La Région Pays de la Loire a fait une coupe de 82 M€ dans son budget. Le Medef Pays de la Loire a publiquement soutenu Christelle Morançais dans cette décision. Quelle est votre réaction à ce sujet ?
Je partage totalement la position exprimée par le Medef Pays de la Loire et son président, mon ami Bertrand Schaupp. C’est évidemment ce qu’il faudrait que l’on fasse au niveau national, et c’est bien la démonstration que c’est possible. Alors, je sais bien que ce n’est pas populaire aux yeux de tous. Mais si les seules à supporter l’effort sont les entreprises, à un moment donné, on scie la branche sur laquelle on est assis. Ce sont les entreprises qui créent l’emploi, la richesse, qui innovent, qui incluent, qui font le plus d’efforts en matière de décarbonation. Et donc je salue, sans l’ombre d’une hésitation, le courage et la lucidité de Christelle Morançais.
En France, 33,5 % des entreprises sont créées par des femmes. Même si ce taux progresse chaque année, cela peut sembler encore peu. Comment le Medef soutient-il l’entrepreneuriat féminin ?
L’entrepreneuriat féminin est un vrai enjeu. Bien souvent, les femmes s’autocensurent dans leurs envies entrepreneuriales. Elles n’osent pas non plus s’engager dans le militantisme patronal. En Vendée, c’est un peu différent puisque le Medef local a la chance d’avoir deux femmes à sa tête. Je m’en réjouis. Cela reflète notre volonté de féminiser nos instances.

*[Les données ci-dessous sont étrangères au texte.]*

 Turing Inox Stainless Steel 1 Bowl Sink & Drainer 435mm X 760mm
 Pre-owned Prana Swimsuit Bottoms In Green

L’une des grandes faiblesses de la France, c’est de se priver de talents incroyables. Nous n’avons pas suffisamment de femmes chefs d’entreprise, pas suffisamment de femmes qui créent des start-ups, pas assez de jeunes femmes qui s’engagent dans des formations scientifiques. Or, celles-ci ont généralement de meilleurs résultats que les hommes dans ces disciplines. Même si mes propos ne sont pas politiquement corrects, pour le pays, il doit y avoir plus de femmes qui s’engagent dans l’entrepreneuriat, parce qu’elles réussissent. Mais celles-ci doivent d’abord en prendre conscience.